Adding extra metadata. Postprocessing Filter or Dispatcher? #307

diegoeche · 2021-09-06T17:20:41Z

diegoeche
Sep 6, 2021

Hello everybody. Thanks for maintaining this amazing project! :D

In our team we use some custom properties to track user/app stuff. Something like:

%scala
spark.conf.set("spark.app.name", "Spline Test 01")

I think I saw an example that used a Postprocessing Filter to add this information. But now I see that most of what I need to do could be done either with a Dispatcher or overriding a simple method:

override protected def userExtraMetadataProvider = new UserExtraMetaDataProvider {
    override def forExecEvent(event: ExecutionEvent, ctx: HarvestingContext): Map[String, Any] = Map("foo" -> "bar")
    override def forExecPlan(plan: ExecutionPlan, ctx: HarvestingContext): Map[String, Any] = Map("foo" -> "bar")
    override def forOperation(op: ReadOperation, ctx: HarvestingContext): Map[String, Any] = Map("foo" -> "bar")
    override def forOperation(op: WriteOperation, ctx: HarvestingContext): Map[String, Any] = Map("foo" -> "bar")
    override def forOperation(op: DataOperation, ctx: HarvestingContext): Map[String, Any] = Map("foo" -> "bar")
  }

Source: #35 (comment)

I also noticed declarative configuration of properties will be added in a next release. What's the preferred way? (Is anybody using Postprocessing filters for that?)

Answered by cerveada

Sep 7, 2021

LineageDispatcher

The goal of the dispatcher is to send the lineage data to the server. Currently we support kafka dispatcher, http dispatcher and some others for debuging and testing like logging dispatcher and console dispatcher. Typically you would implement your own dispatcher when you need another method of sending data like RabbitMq or store the data to S3 for some reason.

PostProcesingFilter

The goal of the filter is to change the lineage data before it is sent to the dispatcher. This might mean filtering out some sensitive data or adding additional information. Filters have access to the the original Spark LogicalPlan and the SparkSession as means of metadata.

UserExtraMetaDataPro…

View full answer

cerveada · 2021-09-07T07:09:08Z

cerveada
Sep 7, 2021
Maintainer

LineageDispatcher

The goal of the dispatcher is to send the lineage data to the server. Currently we support kafka dispatcher, http dispatcher and some others for debuging and testing like logging dispatcher and console dispatcher. Typically you would implement your own dispatcher when you need another method of sending data like RabbitMq or store the data to S3 for some reason.

PostProcesingFilter

The goal of the filter is to change the lineage data before it is sent to the dispatcher. This might mean filtering out some sensitive data or adding additional information. Filters have access to the the original Spark LogicalPlan and the SparkSession as means of metadata.

UserExtraMetaDataProvider

UserExtraMetaDataProvider is a predecessor of the PostProcesingFilter, and is now deprecated. It has very limited subset of capabilities of a filter. It might be removed in one of the next releases, so I don't recommend using it.
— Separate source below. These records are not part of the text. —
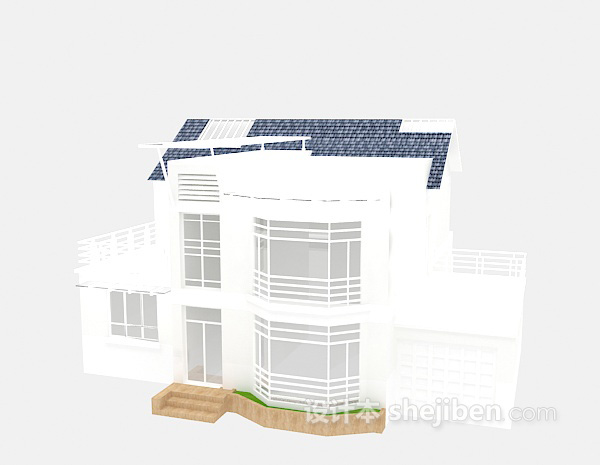 设计本白色别墅免费3d模型下载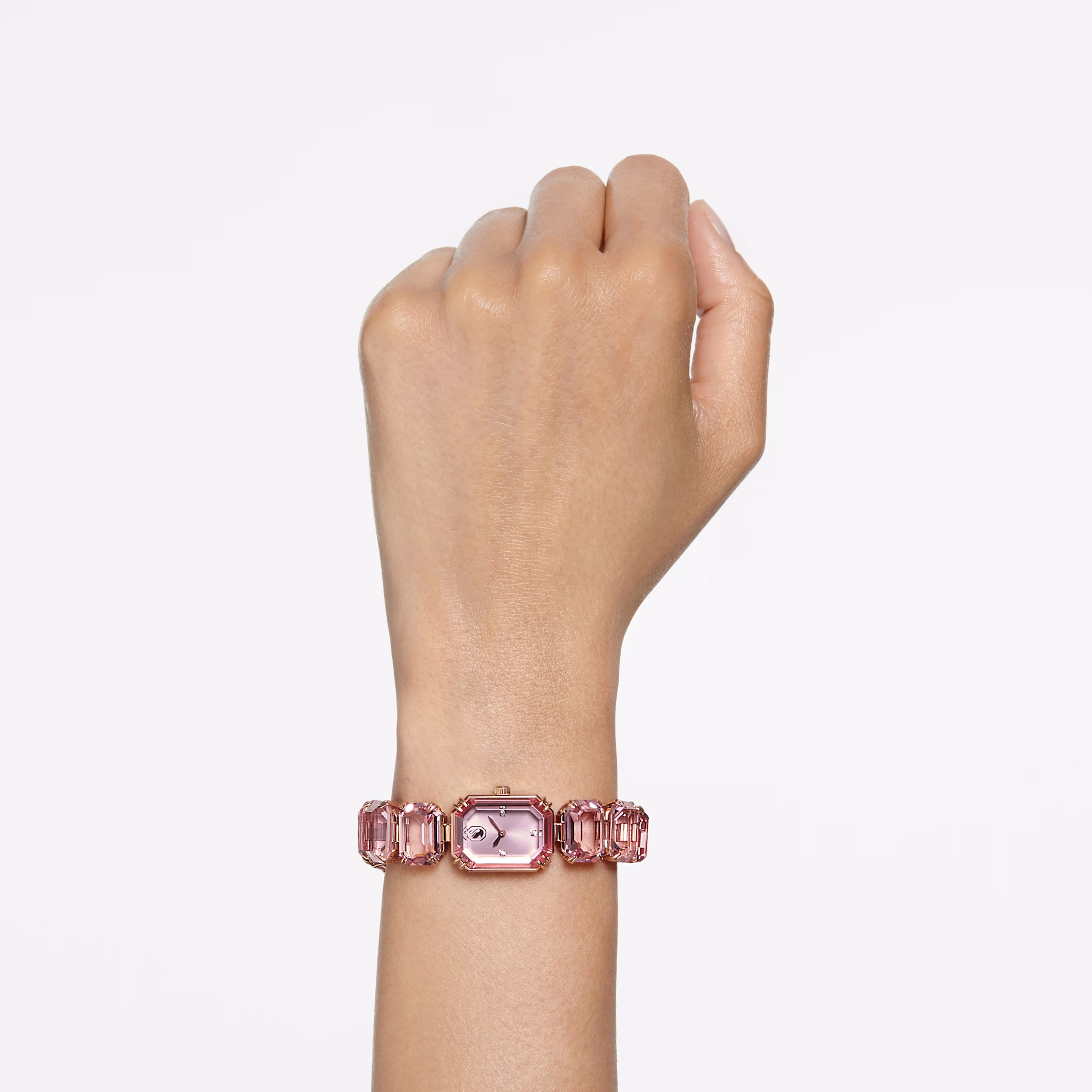 Watch, Octagon cut bracelet, Pink, Rose gold-tone finish Millenia Swarovski 6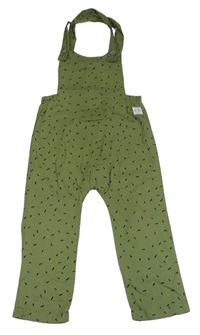 Khaki-černé vzorované laclové kalhoty 
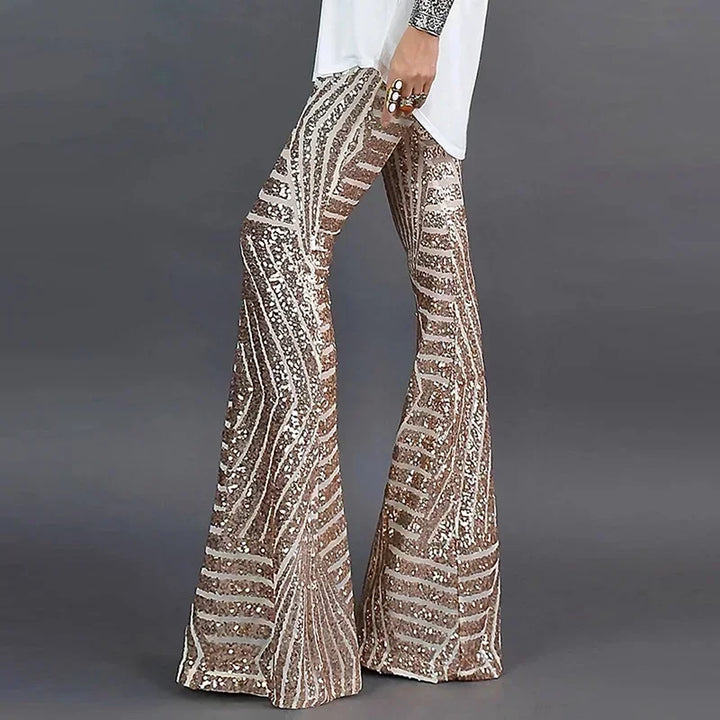 Zyla Sequin Flare Pants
Declarative way for adding user extra metadata

This is planned, but it may take some time before it's ready.

Currently, a custom PostProcessingFilter is the best way to add extra parameters to the execution plan:

import org.apache.commons.configuration.Configuration
import za.co.absa.spline.harvester.HarvestingContext
import za.co.absa.spline.harvester.postprocessing.PostProcessingFilter
import za.co.absa.spline.producer.model.v1_1._
import za.co.absa.spline.harvester.ExtraMetadataImplicits._

class MyExtraAppendingPostProcessingFilter(conf: Configuration) extends PostProcessingFilter {

  override def processExecutionEvent(event: ExecutionEvent, ctx: HarvestingContext): ExecutionEvent =
    event.withAddedExtra(Map("foo" -> "bar"))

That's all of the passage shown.